Jak zamierzacie zachęcać młodych ludzi, żeby wybrali właśnie waszą uczelnię i chcieli tutaj studiować?
To bardzo szeroki temat. Dość szczegółowo przedstawiłem go w swoim programie. Podzieliłbym go na dwie kategorie: życie studenckie pozadydaktyczne, a więc na przykład możliwości relaksu na terenie kampusu, dostępność do Centrum Sportowo-Rehabilitacyjnego WUM, dostępność i standard miejsc w domach studenckich. Druga kategoria dotyczy jakości i zakresu oferowanych zajęć dydaktycznych i obejmuje rozwój zdalnych metod kształcenia, technik symulacji, ale także przyziemniejsze zagadnienia jak np. liczebność grup, w których odbywają się zajęcia. Chodzi o to, aby były one na tyle małe, żeby można było rzeczywiście przećwiczyć praktyczny aspekt tych zajęć. To, oprócz niedostatków infrastruktury, o których mówiłem, w dużym stopniu zależy od dostępności kadry akademickiej.
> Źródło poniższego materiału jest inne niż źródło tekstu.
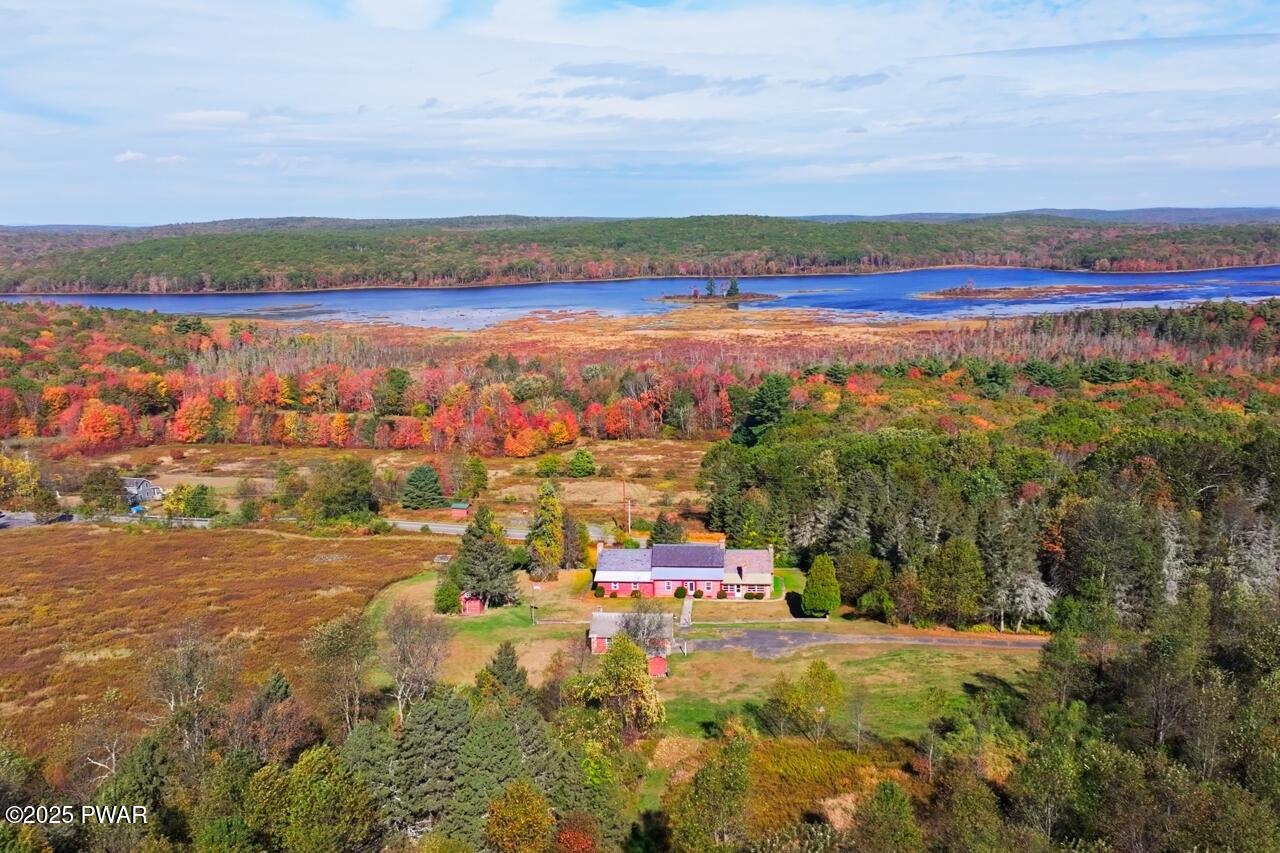 390 Springbrook Road Shohola, PA 18458 - Photo 72 of 73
Aby dobrze kształcić studentów, musimy odpowiednio dbać o naszych nauczycieli akademickich.
Za co ceni pan profesor WUM?
Za kompleksowość podejścia do różnych aspektów nauczania i rozwoju nauki, za absolutnie niepowtarzalną kadrę naukową i dydaktyczną, za wyjątkowe zaangażowanie i oddanie pracowników, za wspaniały dynamiczny rozwój różnych sfer działalności klinicznej, np. transplantologii. Nasze zespoły mogą stanowić najlepszy przykład nie tylko dla innych ośrodków polskich, ale również dla europejskich i światowych.
Trzy cele – najłatwiejsze do realizacji w ciągu najbliższych lat oraz trzy – najtrudniejsze?
Wśród pierwszych wymienię: poprawę warunków funkcjonowania studentów w szpitalach klinicznych, wprowadzenie systemu odrabiania zajęć w przypadku nieusprawiedliwionej nieobecności, rozwój kształcenia łączącego warunki symulowane z warunkami klinicznymi. Wśród tych drugich: przygotowanie warunków do prowadzenia egzaminów OSCE, wzrost wynagrodzeń pracowników, przeprowadzenie głębokiej transformacji systemów IT w Uczelni.
Jakie ma pan hobby? Czym zajmuje się obecny rektor WUM-u w wolnym czasie?
Kiedyś moją pasją był sport, przede wszystkim koszykówka. Obecnie zakres moich obowiązków powoduje, że nie mam wiele czasu na aktywności pozazawodowe, odpoczynek i hobby. Wakacje najbardziej lubię spędzać nad morzem, najchętniej z rodziną i książką. Mam dwoje wspaniałych wnucząt, wobec czego każda chwila spędzona na wspólnych aktywnościach sprawia mi ogromną radość.